**WORK REQUEST:**
Wherever the word "much" appears in a line of the records, copy that line.

── RECORDS SUPPLIED

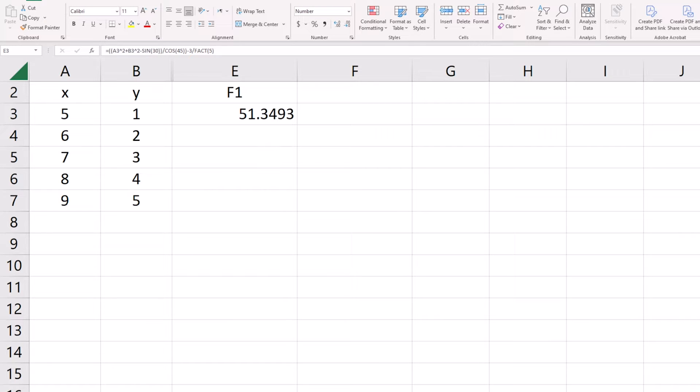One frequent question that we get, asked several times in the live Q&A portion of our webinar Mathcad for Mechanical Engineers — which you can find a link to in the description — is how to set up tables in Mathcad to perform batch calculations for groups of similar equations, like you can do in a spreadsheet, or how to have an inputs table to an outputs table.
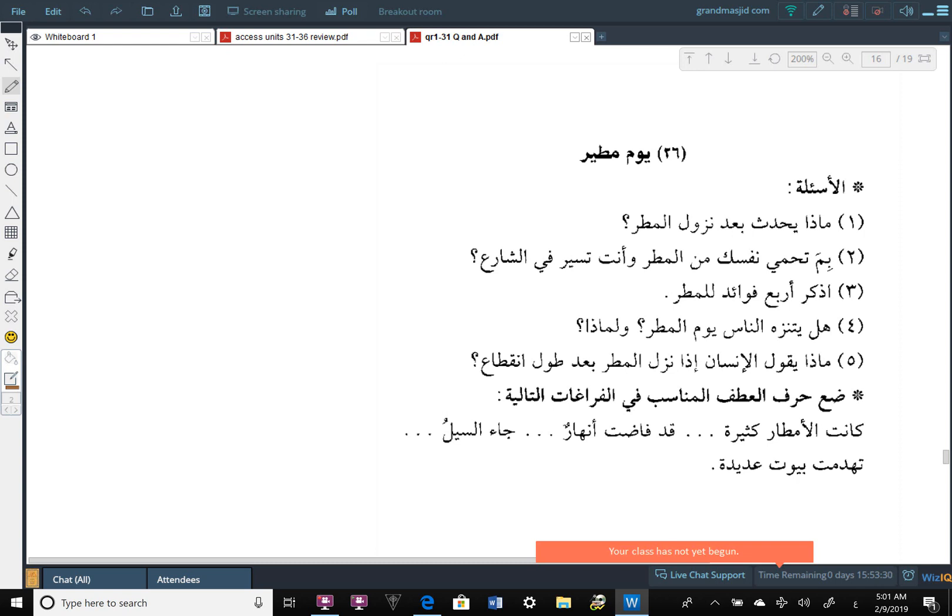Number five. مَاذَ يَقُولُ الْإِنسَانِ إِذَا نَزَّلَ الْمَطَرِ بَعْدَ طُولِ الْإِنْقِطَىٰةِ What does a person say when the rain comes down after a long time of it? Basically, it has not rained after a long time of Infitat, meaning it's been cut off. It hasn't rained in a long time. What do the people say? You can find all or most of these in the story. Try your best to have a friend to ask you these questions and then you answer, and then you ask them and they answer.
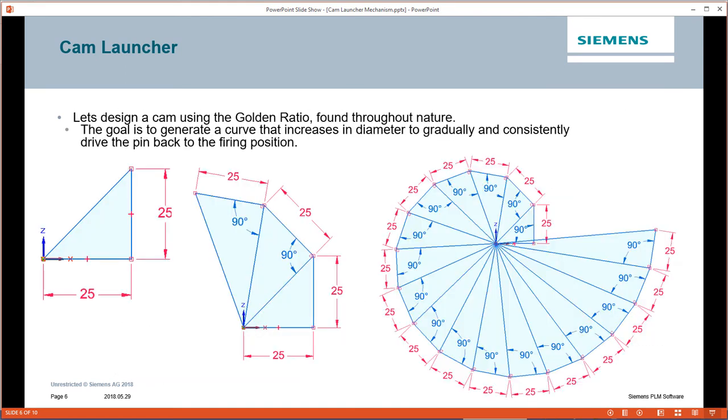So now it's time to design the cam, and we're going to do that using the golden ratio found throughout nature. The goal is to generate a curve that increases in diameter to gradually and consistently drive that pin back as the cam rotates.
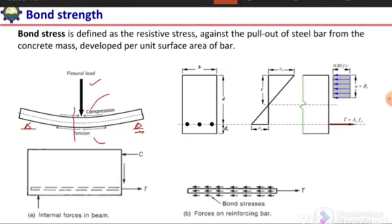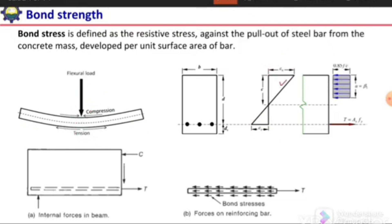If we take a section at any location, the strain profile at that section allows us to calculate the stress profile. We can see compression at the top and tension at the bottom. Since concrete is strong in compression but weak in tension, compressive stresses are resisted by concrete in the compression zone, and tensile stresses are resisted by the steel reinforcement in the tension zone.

────
── RECORDS SUPPLIED

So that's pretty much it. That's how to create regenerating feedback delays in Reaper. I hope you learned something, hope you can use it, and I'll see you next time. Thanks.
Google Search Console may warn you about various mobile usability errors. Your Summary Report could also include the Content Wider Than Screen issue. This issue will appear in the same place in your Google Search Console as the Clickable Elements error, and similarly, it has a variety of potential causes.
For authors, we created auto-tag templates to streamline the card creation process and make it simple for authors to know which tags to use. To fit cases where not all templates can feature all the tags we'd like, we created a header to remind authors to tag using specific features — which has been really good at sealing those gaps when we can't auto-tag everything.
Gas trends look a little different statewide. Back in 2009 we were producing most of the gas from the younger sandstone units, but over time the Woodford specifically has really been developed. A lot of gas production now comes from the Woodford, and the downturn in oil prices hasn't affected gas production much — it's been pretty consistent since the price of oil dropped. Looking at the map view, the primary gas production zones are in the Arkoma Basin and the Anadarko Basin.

────

**SOLUTION FOR THIS TASK:**
So that's pretty much it. That's how to create regenerating feedback delays in Reaper. I hope you learned something, hope you can use it, and I'll see you next time. Thanks.
Gas trends look a little different statewide. Back in 2009 we were producing most of the gas from the younger sandstone units, but over time the Woodford specifically has really been developed. A lot of gas production now comes from the Woodford, and the downturn in oil prices hasn't affected gas production much — it's been pretty consistent since the price of oil dropped. Looking at the map view, the primary gas production zones are in the Arkoma Basin and the Anadarko Basin.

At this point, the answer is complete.